GÜVEN BOĞA: “KHK AYIBI SON BULSUN, GÖREVİMİZE ONURUMUZLA DÖNMEK İSTİYORUZ!”

Hukuksuz İhraçlara Karşı Ortak İrade Şart

677 Sayılı KHK ile Seyhan Belediyesi Kültür ve Sosyal İşler Müdürü görevinden hukuksuz biçimde ihraç edilen Güven Boğa, daha önce Eğitim Sen Adana Şube Başkanlığı da yapmış bir kamu emekçisidir.
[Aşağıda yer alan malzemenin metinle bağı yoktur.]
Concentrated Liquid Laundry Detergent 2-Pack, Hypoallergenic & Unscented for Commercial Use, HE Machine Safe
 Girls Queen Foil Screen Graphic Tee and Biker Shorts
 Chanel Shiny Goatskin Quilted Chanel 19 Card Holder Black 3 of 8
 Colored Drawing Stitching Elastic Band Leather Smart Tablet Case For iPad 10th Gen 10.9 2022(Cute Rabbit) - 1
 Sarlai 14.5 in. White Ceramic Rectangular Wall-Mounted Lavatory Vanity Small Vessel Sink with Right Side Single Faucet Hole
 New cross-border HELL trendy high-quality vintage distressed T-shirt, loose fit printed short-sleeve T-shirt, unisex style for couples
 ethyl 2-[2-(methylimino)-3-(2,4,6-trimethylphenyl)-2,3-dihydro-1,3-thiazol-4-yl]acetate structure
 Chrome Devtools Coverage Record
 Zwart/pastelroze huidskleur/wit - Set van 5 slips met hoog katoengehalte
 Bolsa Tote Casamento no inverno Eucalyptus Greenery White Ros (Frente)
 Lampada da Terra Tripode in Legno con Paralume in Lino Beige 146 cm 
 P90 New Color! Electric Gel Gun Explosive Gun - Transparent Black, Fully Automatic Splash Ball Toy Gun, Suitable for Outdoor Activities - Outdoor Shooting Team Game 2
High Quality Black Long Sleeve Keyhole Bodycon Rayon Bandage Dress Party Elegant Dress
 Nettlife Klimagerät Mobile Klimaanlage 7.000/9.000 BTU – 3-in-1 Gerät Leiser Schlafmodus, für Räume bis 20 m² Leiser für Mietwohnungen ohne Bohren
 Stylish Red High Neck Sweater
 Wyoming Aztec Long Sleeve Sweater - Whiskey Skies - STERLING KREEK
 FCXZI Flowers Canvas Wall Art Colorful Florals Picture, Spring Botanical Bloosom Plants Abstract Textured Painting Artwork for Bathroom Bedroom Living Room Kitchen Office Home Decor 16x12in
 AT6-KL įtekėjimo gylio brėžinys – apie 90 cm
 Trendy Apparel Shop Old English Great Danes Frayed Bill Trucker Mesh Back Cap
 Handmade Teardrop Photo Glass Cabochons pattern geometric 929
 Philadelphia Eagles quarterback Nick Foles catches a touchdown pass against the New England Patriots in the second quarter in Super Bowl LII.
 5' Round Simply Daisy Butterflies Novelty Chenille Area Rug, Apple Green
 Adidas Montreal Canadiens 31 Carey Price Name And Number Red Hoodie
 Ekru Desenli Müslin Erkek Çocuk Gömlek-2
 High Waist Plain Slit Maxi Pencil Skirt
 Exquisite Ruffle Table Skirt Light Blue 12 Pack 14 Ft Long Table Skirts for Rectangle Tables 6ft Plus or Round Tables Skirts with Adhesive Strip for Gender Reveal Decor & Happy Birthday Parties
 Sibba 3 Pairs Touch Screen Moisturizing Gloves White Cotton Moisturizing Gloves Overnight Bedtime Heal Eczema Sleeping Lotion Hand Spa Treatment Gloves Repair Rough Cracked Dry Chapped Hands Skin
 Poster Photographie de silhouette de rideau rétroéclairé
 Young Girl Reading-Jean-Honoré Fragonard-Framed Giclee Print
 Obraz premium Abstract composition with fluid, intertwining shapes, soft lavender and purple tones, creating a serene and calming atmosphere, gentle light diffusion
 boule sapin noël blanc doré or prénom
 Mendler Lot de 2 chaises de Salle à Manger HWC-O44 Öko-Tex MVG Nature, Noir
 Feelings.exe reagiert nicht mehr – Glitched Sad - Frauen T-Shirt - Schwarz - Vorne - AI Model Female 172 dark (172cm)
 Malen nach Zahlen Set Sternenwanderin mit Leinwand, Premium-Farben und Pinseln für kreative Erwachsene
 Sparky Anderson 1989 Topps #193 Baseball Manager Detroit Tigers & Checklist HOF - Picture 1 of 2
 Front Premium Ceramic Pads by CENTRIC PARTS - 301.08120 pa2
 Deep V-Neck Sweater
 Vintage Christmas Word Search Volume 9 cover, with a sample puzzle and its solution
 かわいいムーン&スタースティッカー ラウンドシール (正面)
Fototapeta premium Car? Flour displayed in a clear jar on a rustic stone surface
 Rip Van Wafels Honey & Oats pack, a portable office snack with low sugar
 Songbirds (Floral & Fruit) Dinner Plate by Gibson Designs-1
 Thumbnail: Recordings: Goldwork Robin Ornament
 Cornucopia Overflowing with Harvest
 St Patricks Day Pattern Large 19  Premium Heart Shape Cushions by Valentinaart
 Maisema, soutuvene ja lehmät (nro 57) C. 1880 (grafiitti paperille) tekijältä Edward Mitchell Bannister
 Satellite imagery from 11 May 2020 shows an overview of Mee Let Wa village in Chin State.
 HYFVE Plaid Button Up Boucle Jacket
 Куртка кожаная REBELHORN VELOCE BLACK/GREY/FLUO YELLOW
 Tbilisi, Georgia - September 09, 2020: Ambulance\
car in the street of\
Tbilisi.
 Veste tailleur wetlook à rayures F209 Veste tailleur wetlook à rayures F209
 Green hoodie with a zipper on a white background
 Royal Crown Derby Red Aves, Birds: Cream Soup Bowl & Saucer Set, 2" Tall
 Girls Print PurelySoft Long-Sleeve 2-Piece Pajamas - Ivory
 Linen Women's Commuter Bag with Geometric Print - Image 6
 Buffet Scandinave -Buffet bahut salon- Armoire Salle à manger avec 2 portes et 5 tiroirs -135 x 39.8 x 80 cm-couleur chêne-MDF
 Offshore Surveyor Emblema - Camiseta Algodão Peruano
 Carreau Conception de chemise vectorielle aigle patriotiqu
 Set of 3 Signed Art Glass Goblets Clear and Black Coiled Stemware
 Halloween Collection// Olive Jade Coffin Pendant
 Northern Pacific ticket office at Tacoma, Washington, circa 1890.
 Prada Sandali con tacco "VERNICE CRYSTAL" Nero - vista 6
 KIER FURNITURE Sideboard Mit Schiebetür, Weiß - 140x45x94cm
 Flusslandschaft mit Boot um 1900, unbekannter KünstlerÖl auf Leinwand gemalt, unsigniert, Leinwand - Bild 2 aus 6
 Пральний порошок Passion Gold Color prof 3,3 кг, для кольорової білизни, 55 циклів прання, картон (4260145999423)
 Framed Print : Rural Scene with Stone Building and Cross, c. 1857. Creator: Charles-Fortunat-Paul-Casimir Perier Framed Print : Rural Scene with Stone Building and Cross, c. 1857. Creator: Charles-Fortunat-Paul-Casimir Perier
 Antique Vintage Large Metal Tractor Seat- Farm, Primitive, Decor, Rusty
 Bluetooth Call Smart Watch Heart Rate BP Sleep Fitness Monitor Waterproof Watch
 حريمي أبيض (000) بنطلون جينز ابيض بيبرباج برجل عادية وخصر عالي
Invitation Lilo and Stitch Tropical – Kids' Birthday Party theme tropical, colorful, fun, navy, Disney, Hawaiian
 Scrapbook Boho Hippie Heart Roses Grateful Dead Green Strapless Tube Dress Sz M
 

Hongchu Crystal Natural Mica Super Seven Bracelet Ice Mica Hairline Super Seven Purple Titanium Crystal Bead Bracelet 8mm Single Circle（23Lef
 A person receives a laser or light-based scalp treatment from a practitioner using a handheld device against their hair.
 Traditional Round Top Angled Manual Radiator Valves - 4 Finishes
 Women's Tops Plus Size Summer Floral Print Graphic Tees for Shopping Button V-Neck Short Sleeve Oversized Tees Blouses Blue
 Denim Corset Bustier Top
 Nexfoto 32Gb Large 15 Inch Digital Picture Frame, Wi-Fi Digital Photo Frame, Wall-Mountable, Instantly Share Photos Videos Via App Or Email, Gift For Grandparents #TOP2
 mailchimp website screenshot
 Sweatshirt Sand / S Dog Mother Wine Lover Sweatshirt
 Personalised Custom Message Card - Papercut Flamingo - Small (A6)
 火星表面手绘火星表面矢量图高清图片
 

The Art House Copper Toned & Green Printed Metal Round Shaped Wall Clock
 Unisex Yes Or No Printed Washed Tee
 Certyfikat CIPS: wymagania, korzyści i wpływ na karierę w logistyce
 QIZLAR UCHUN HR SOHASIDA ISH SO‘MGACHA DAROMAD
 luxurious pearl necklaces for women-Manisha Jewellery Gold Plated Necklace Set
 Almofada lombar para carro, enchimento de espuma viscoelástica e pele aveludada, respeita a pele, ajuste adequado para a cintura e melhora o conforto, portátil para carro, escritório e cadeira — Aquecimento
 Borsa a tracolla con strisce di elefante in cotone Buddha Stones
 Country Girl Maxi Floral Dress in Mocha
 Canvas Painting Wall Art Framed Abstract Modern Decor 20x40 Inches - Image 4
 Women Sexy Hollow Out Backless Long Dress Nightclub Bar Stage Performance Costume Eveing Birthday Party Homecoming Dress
Boğa, yaptığı açıklamada KHK rejiminin toplumsal vicdanda yarattığı tahribata dikkat çekerek şöyle konuştu:

“Barış, demokrasi ve adaletin inandırıcılığı, KHK adaletsizliğine karşı gösterilecek ortak iradeyle mümkündür. Toplumun vicdanını yaralayan bu hukuksuzluk, sessiz kalındıkça normalleşir. Bizler görevlerimize onurumuzla dönmek ve bu ülkenin geleceğini yeniden kurmak istiyoruz.”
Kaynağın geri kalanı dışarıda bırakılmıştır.